Thousands of people of all ages stood in several lines, through the night, waiting to pay their last respects before the catafalque of King Mihai I.
Young, old people and children, most of them wearing dark clothes and a candle in their hand, and also carrying flowers, stood in line for more than five-six hours to file past the royal catafalque.
A small crowd already had surrounded the Royal Palace before noon, people coming from all over the country to bid farewell to their king, with the queue stretching from the Calea Victoriei street and Stirbei Voda boulevard to the front gates of the Palace.
“It doesn’t matter how long I have to wait. I am doing this with all my heart, for this is how my grandparents and my parents taught me. That’s why I traveled 550 kilometers from the historical Maramures, from Valea Izei. I met His Majesty in 1992, in Borsa, and I was there when he celebrated his 90th anniversary in the Parliament Hall,” said Ticala Ion.
In his turn, Ovidiu Popescu, who said he was an art historian, confessed that he stood in line for seven hours to have the chance to pay his homage to the catafalque of “His Majesty King Mihai I.”
“Waiting for six-seven hours is just who I am and this is about me acting in the spirit of the love that I feel for constitutional monarchy in Romania and paying a last homage to King Mihai, while hoping that the Romanian people, sooner or later, will realize that Prince Nicolae (Nicolae de Roumanie Medforth Mills editor’s note) could be a possible salvation for this country,” said Popescu.
He also confessed he was impressed to see how Nicolae de Roumanie Medforth Mills came “in the middle of the people and shook everybody’s hands, and everybody showed love for him.” “I hope this doesn’t have negative consequences because of his attitude and the fact that everyone loves him. I don’t if someone else in his place would have received the same amount of love,” he added.
A group of men wearing beautiful traditional costumes seemed to be in a hurry: they needed to enter the gate of the Royal Palace.
“This is a sad moment. We came with a delegation of “youngsters” to pay our homage to His Majesty King Mihai. The connections between the Youngsters from Brasov and the Royal House of Romania are old. There are two such companies of “youngsters” in Brasov that wear the royal symbols on their flags – The Brasovacheni Youngsters Company and the Rosiori Youngsters Company. And the connection with the Royal House of Romania is older than the great union of 1918, when many youngsters from Brasov participated in the celebrations occasioned by the 40th anniversary since King Carol I became ruler of Romania, at Arenele Romane venue,” said Mihai Moraru, the President of the Youngsters from Brasov.
Professor Sorin Antohi also stood in line for six hours and a half.

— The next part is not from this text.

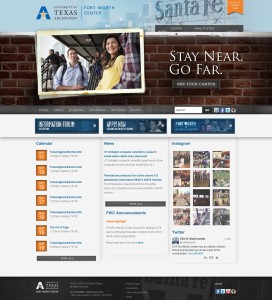 University of Texas Arlington Website with Clear Calls to Action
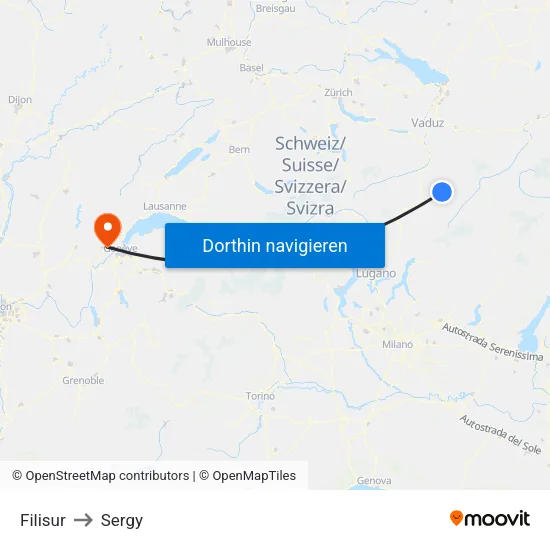 Filisur to Sergy map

“I am doing this out of personal piety, for I had the privilege of knowing King Mihai quite well. I am doing this in the memory of my family, of my father, my uncle, my grandfather on my mother’s side, who were also very passionate monarchists and they knew the King. I am doing this for many other members of my family, three distinct family lines, who served the monarchy from the very beginning,” said Antohi.
He also said he was skeptical when it came to the manner in which King Mihai will be remembered by Romanians.
“Romanians’ memory is unstable and very heterogenous. Romanians forget a lot more than they remember. And when they do remember, the way they do it is very specific. In fact all societies forget or remember the same way. Historical memory needs a vector to help it survive and even to bloom and become active again. This vector needs to be a group of people, as large as possible, to include all social categories, who understood at least a bit from the exemplary attitude that King Mihai I had in every area of his life: in his private life, public life, political life. If there were more people to understand this message, then we would remember him in such a way that we will be able to move forward and learn something about ourselves, about the present and the future. If this memory does not coagulate, then it will remain just a memory, let’s say almost folkloric or etnographic, uninteresting. It may be a warm memory, sentimental, for Romanians often become sentimental, but one that will never be passed to the next generations as an urge for action,” said Sorin Antohi, according to Agerpres.
And since the gates of the Royal Palace remained open Thursday and Friday night for all those who wish to pay an homage to King Mihai to be able to do it, thousands of people continued to defy the cold weather, with flowers in their hands, with candles and a message that they wanted to leave at the gates of the Royal Palace. Then they entered the courtyard and then into the building, to pay their respects, with a tear in their eye, in the Throne Hall, in front of the catafalque of King Mihai I of Romania.